Not quite right. File IO is cached and buffered, and written efficiently. You *can* make it inefficient by flushing the io stream after every write, or setting the file io to unbuffered.
There is a small overhead in system calls, but it will be far less that the overhead required to use KiXtart to convert data between types and manage arrays.
Data in files is as you say unstructured. You have to impose a structure on it. You could do this by reading in the bytes and then write KiXtart UDFs to convert it. Bytes, ints, uints and strings are a doddle to convert, anything with a mantissa is a bugger though. Much easier to read the bytes directly into the correct variable type, which "automatically" coverts the data.

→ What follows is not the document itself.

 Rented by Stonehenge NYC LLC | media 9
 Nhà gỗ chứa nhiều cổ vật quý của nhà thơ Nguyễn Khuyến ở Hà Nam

I'm not trying to teach you to suck eggs here, but I don't know how familiar you are with file io so apologies in advance if you already know this stuff.
As a quick example, to write a single integer "i" to an open file "fpFile": Code:
fwrite(&i,sizeof i,1,fpFile);
To read it back again: Code:
fread(&i,sizeof i,1,fpFile);
There is no conversion done - the contents of the variable are simply read and written.
You need the additional data types when reading and writing as the file you are accessing may be used by other applications. If you limit the types of data that may be written you also limit the files that you can access.
There is no reason not to accept variant data and cast/convert to the correct type, using scanf/printf for example.